Dr. T wrote:
I would dispute this. It is not well known, I believe, although I would hope it is at least moderately well known, that when you read a data-grade CD-ROM or DVD-ROM on Mac OS X, you will with a reasonable frequency (more than 1 sector/6GB read in my experience) occasionally get a silent incorrectly read sector. Yet this is factual.
Those are optical media consisting of some clear plastic and optical film. Plus, they don't even use HFS+ so it is a bit of a moot point.
I am interested in a rate in the form of number of sector silently returned differently read to the data originally written, per amount of data written. Thanks.
In other words, what percentage of written data will be read differently? That depends on a number of factors such as age of drive, hours of use, usage conditions, environmental conditions, etc. File system used on the disk is irrelevant. All disks die eventually - some after 6 months, some after 5 years.
I run the md5sum checksum check only occasionally. The data is occasionally copied from one disk to another, but whenever I do this, I do not only check md5sum checksums, I make precautions to ensure that all data caches are flushed before running a full compare between the original and the copy. The current disk is less 2 years old, and the partition is the sole partition on that drive. The disk is a standard Western Digital server-grade drive. You may prefer buying Best Buy disks yourself, I will leave this to you.

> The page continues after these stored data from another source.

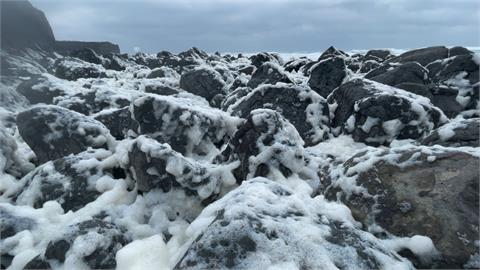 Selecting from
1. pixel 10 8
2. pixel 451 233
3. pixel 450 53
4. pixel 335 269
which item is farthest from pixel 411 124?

I actually buy my disks from
Other World Computing, but they are the same drives that Best Buy sells. I've never run checksums on all my data and, frankly, I'm not going to. It isn't worth my time. If your data is critical and it
is worth your time, you need to use professional quality hardware. A single WD drive does not qualify. You need to look at a RAID, at a minimum. Tape would be good too. The professional storage systems are designed to be big, fast, and automatically recover from failures like what you have experienced. They don't come cheap and WD doesn't sell them. Look at Sun, IBM, HP, EMC, those kind of people.
I thought he meant the sort of professional-grade filesystem used in the Unix world, such as perhaps ZFS or ReiserFS, but I may be mistaken.
You can never be too sure. Ask a specific question and you'll get a specific answer.
It is a stretch to call ZFS "professional-grade". It is brand new. There is experimental support for it in 10.5 but it will be a while before it is ready for the general public. In any event, ZFS on a single drive won't be that much better than HFS+ on a single drive. It is only as good as the media. If the media has no redundancy, neither does the file system.
ReiserFS is a Linux file system, not Unix. There is a difference. It has its own set of problems. Agsin, it would be a stretch to claim ReiserFS is sigificantly different or better than any other modern file system.